▸ **Exercise**
A verbatim copy of all the data is required; the pictures should not appear in it.

▸ **Given data**
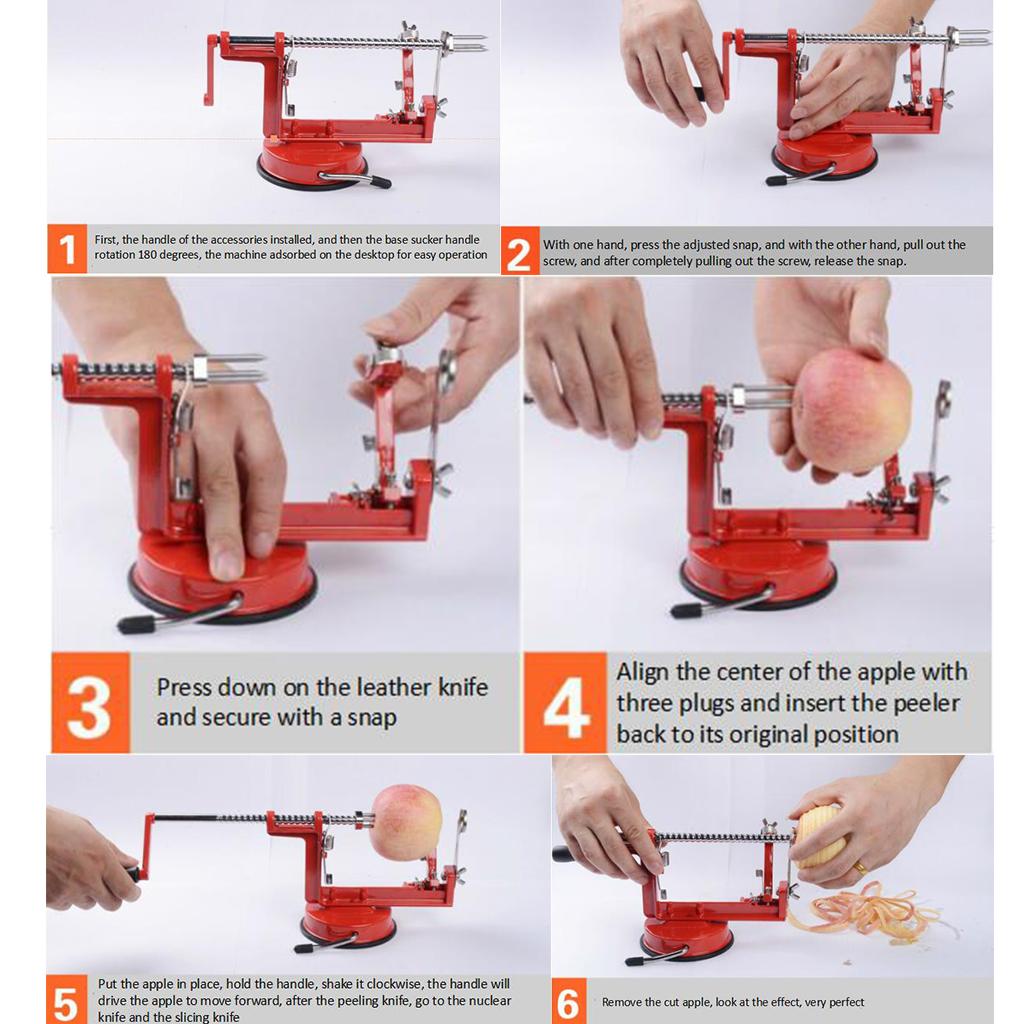 Aluminum Zinc Alloy 3 in 1 Apple Fruit Slicing Machine / Potato Peeled Tool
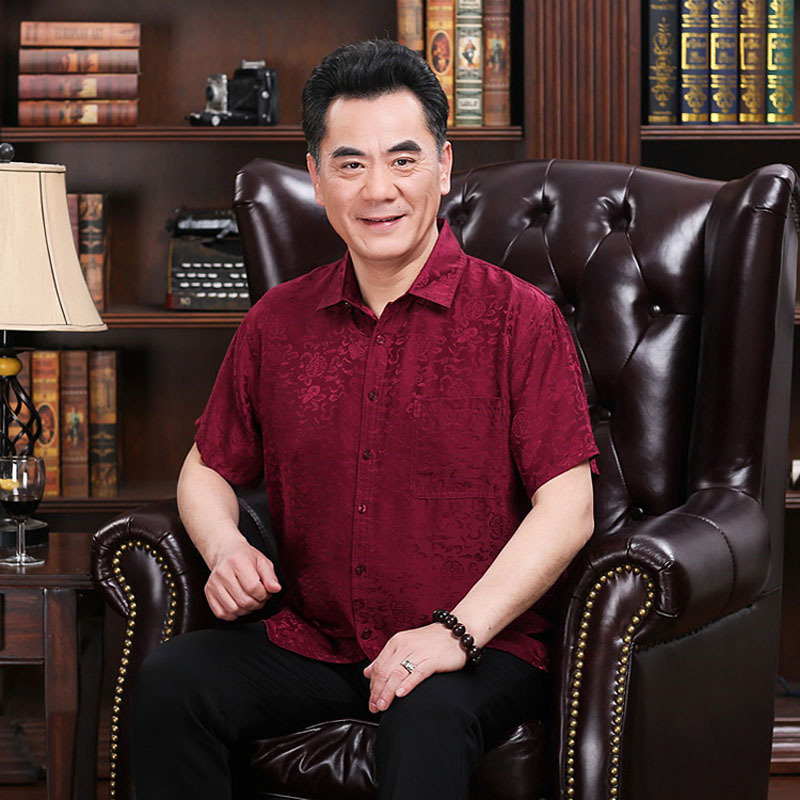 Hangzhou Silk Short-Sleeved Silk Summer Shirt for Middle-Aged and Elderly Men, Loose-Fitting Mulberry Silk Top, Wedding Banquet Outfit, Father's Shirt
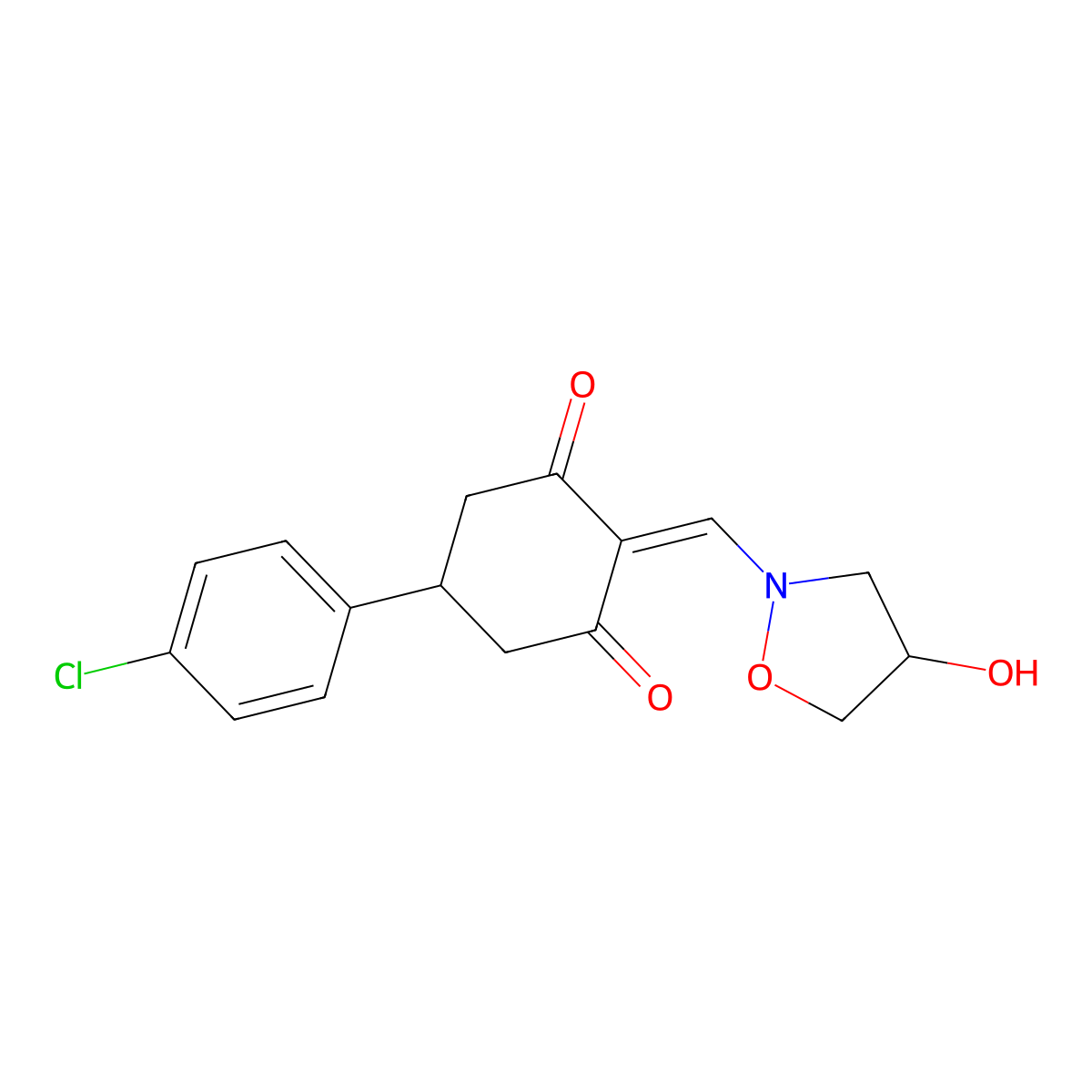 5-(4-chlorophenyl)-2-{[4-hydroxydihydro-2(3H)-isoxazolyl]methylene}-1,3-cyclohexanedione molecular structure, CAS 338422-55-2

▸ **Solved problem**
 Aluminum Zinc Alloy 3 in 1 Apple Fruit Slicing Machine / Potato Peeled Tool
 Hangzhou Silk Short-Sleeved Silk Summer Shirt for Middle-Aged and Elderly Men, Loose-Fitting Mulberry Silk Top, Wedding Banquet Outfit, Father's Shirt
 5-(4-chlorophenyl)-2-{[4-hydroxydihydro-2(3H)-isoxazolyl]methylene}-1,3-cyclohexanedione molecular structure, CAS 338422-55-2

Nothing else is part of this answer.